The Old Basin Tavern.

58 Old Basin, Baird's Brae, Hamiltonhill, Glasgow.

 

Old Basin Tavern

The Old Basin Tavern was owned by Hugh Baird & Company, Great Canal Brewery in the 1880s.

The old tavern was rented out to a gentleman called John Peacock for £17.00 per annum. Mr Peacock also owned the Oakbank Spirit Vaults which was situated at the corner of Garscube Road and Camperdown Street, he also owned a smaller public house on North Woodside Road at the corner of Lyon Street.

In 1902 Mr Peacock rented the Garscube premises out to John Higgie, this gave Mr Peacock an annul income of £75.00 which was a great deal of money as he was only paying £17.00 for the Old Basin Tavern.

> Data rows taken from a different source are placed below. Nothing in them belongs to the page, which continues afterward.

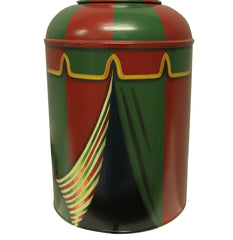 Pair of Red & Green Handpainted Toleware Lamps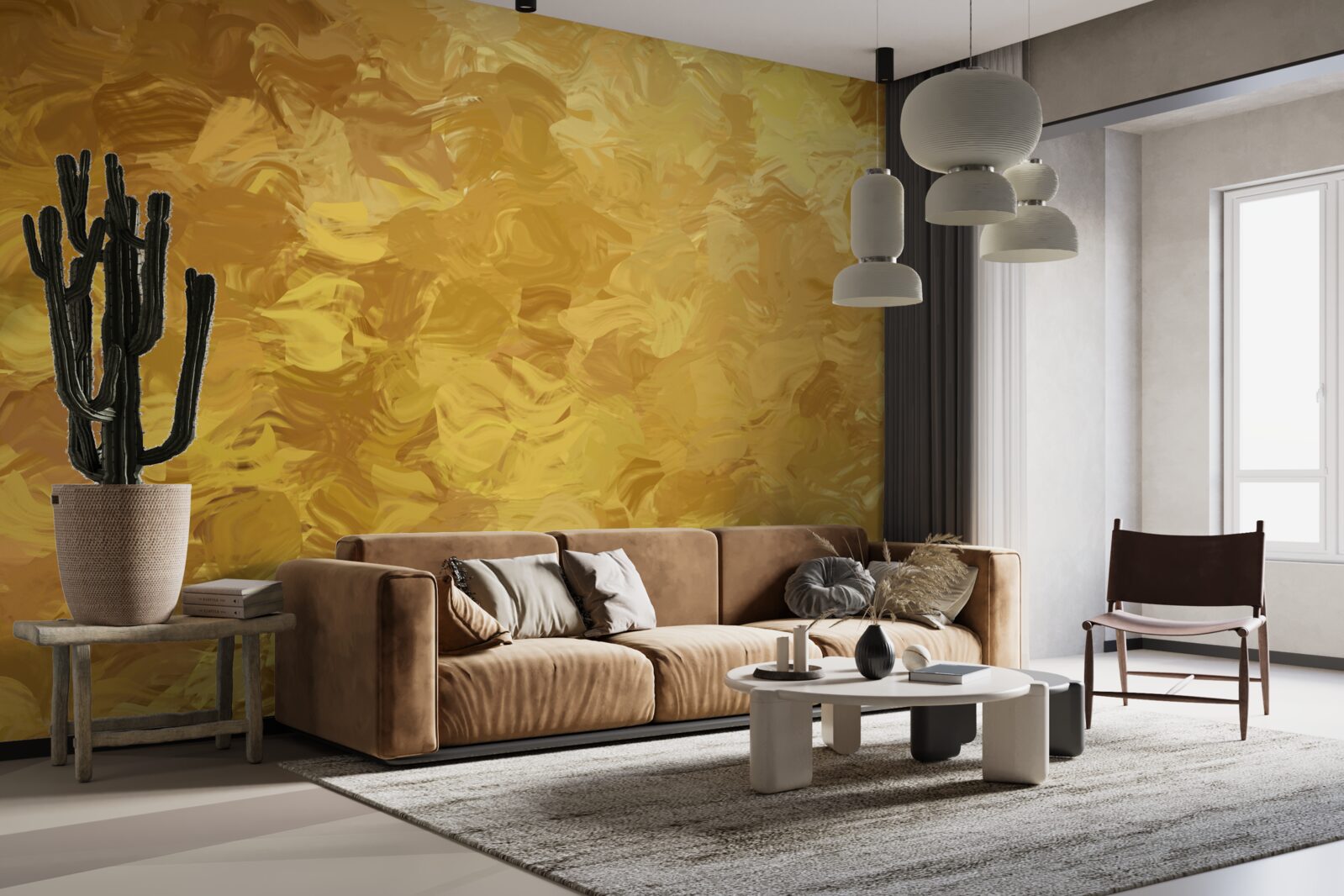 Fototapeten Herbstgold auf Marmorplatten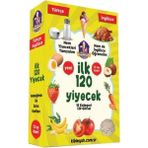 Marka Kıblegah Oyun Seti Ilk 120 Yiyecek - Renkli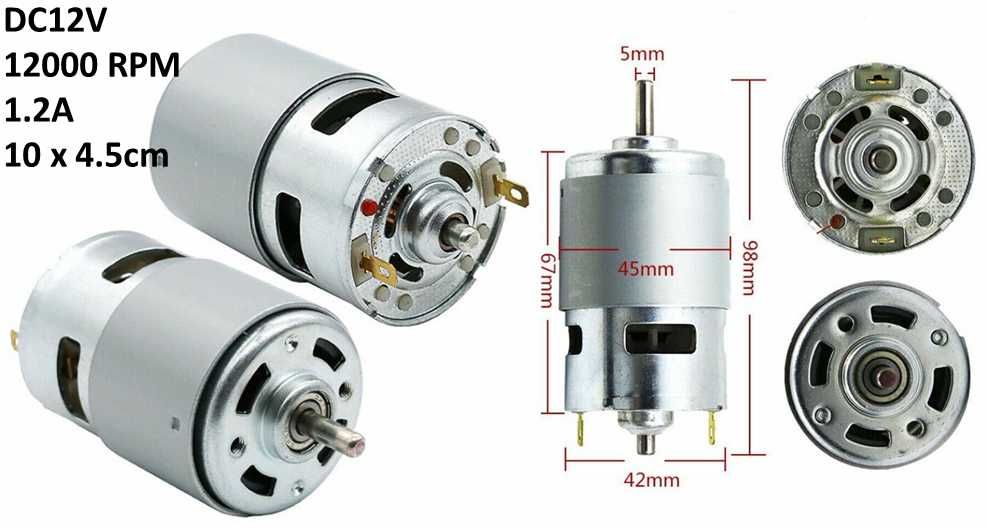 Motor DC 24V Low Noise 15000 rpm, 3~20A, 30~200W Nou!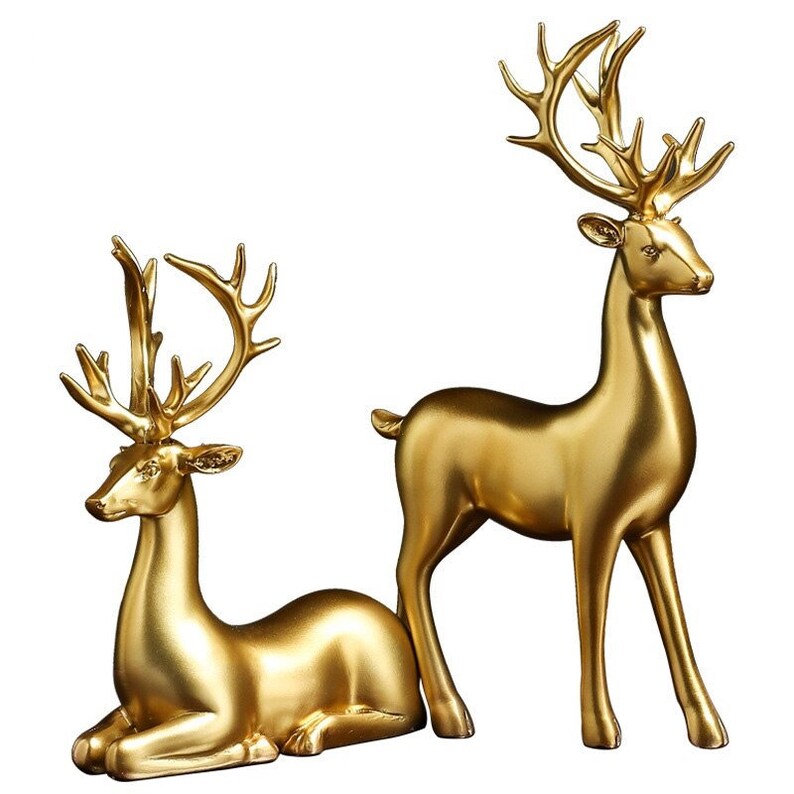 Elegante Goldene Reh-Figuren für Ihr Zuhause
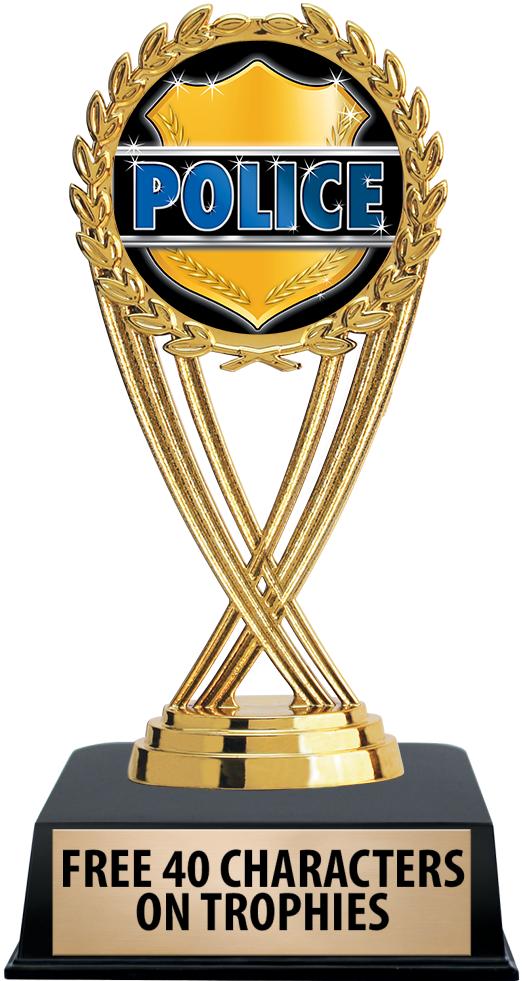 6"TROPHY ON BLACK CONTEMP BASE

In the early years the Great Canal Brewery was adjacent to the Old Basin, the proprietors of the brewery owned the tavern. Many old cronies foregather here in the evenings, men who were employed on the "Hoolets," plying between Edinburgh and Glasgow. These were little boats that carried passengers as well as luggage and although slower than the other boats, more romance clustered round them. One of the men who furnished some of the material embodied here was a rider on one of the swift boats, rigged out too, in red uniform and long boots. At one time the magistrates made the tavern the rendezvous of their annual outings.

A note on Hugh Baird...

Hugh Baird & Sons Ltd, brewers and maltsters in Glasgow, Scotland, derived from Hugh Baird & Co of Great Canal Brewery. Hugh Baird senior founded Great Canal Brewery in Possil Road (his first brewery), in 1823. He retired from the brewing side of the business in the late 1850s in order to concentrate on malting at his Springbank works, situated on the Forth and Clyde Canal, Garscube Road. It was not until 1863 that his eldest son Hugh Baird junior joined the company, followed by Hugh junior’s brother Montague Baird, in 1870.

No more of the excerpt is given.